Thursday, November 13, 2008


An open letter to my coworkers:

We have one of the best jobs on earth. Sure, it's boring, and you're completely unappreciated. Sure, you generally feel like you're bound by the silliest rules ever devised by mankind. But seriously. No one else will pay you what you're making with that silly B.S. degree - you'd have to get a Masters, if not a Ph.D. No one will give you sick time and vacation time, and personal days and 13 paid holidays a year. No one will (more or less) let you manage your own workload, imposing very few deadlines. No other workplace will allow you to spend 3 to 4 hours a day EVERY DAY chatting with your coworkers. So, please, before I completely lose my mind, STOP WHINING! It's not that bad. It would not be better somewhere else, but if you're interested in finding out please do so as quickly as possible. But, if you must stay, could you at least manage to do your job properly, so as not to screw up my work? It's not really that difficult. Read a little, ask a question or two. Follow the rules. They tried to idiot-proof everything, but you are clearly superidiots, as you manage to miss the most obvious things. But, if I were the one to make these mistakes, you'd all be the first ones in the manager's office, accusing me of sabotaging you.

In closing, spare me. Spare me your personal traumas. Spare me your whining about how you just can't work under these conditions. Spare me your pseudo moral outrage - I've seen your black souls and you have no morals. Spare me.



As a follow-up to yesterday's post, DD's musical interest is ever expanding.

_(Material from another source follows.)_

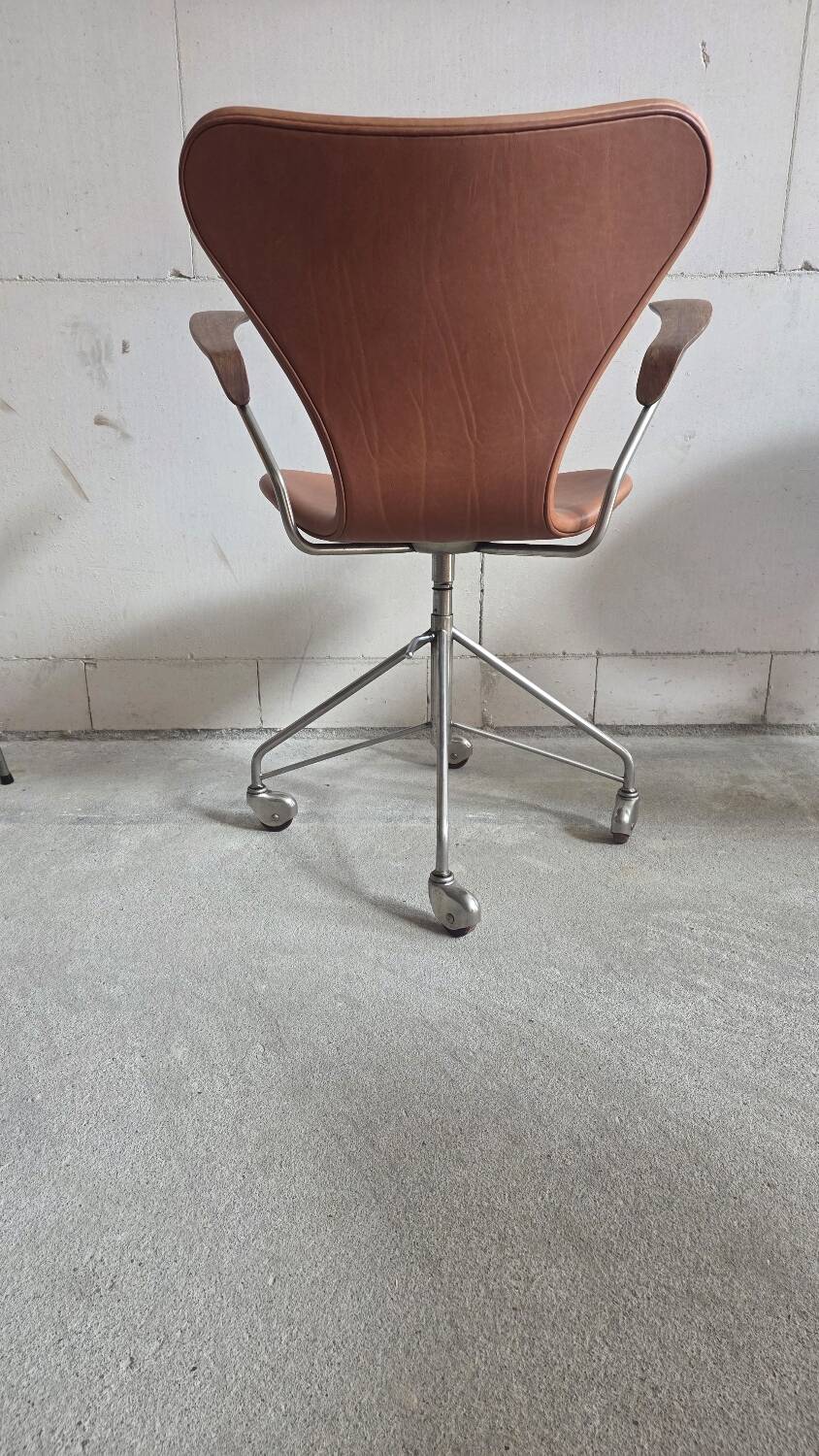Chaise de bureau Arne Jacobsen 3217 Fritz Hansen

She loves the Smashing Pumpkins - not their music, per se (I'm not actually sure that she knows that they are musicians). Every time they are mentioned on the radio (which is frequently, since they're coming to town soon), she repeats Smashing Pumpkins and laughs and laughs. I guess she just likes the name.


  1. I too love the name of the band, Smashing Pumpkins, in addition to their music.
    Love, love, love the letter to your coworkers. I have a few of my own colleagues that it would be very appropriate to receive your witty diatribe.

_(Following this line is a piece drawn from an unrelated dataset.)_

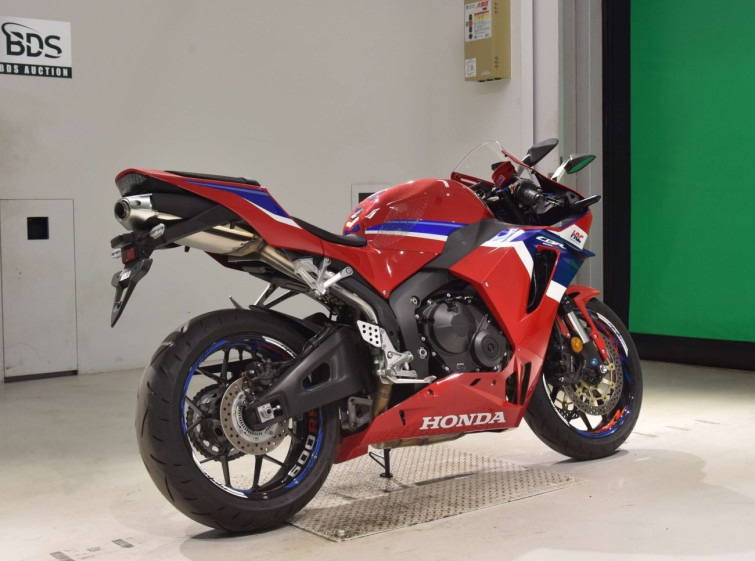 Мотоцикл Honda CBR600RR з пробігом 1327 km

  2. I got to see Billy Corgan once (IRL-not at a concert), when I lived in Chicago. He was touring a Navy boat exhibit, and we couldn't go on the boats until he was finished. He didn't seem to match his musical image - touring Navy boats in his brown velour sweatsuit - but it was still kinda cool.

    Sorry to hear you have some similar colleagues...

  3. Hmmm... Somehow, I got a vision of you projecting a huge video of DD giggling, "smashing pumpkins!" to your grumpy, thankless coworkers.

    It's sad when people don't appreciate how good they have it.

  4. Can I come work with you? I'd like to spend 1/2 my day chewin' the fat with whomever.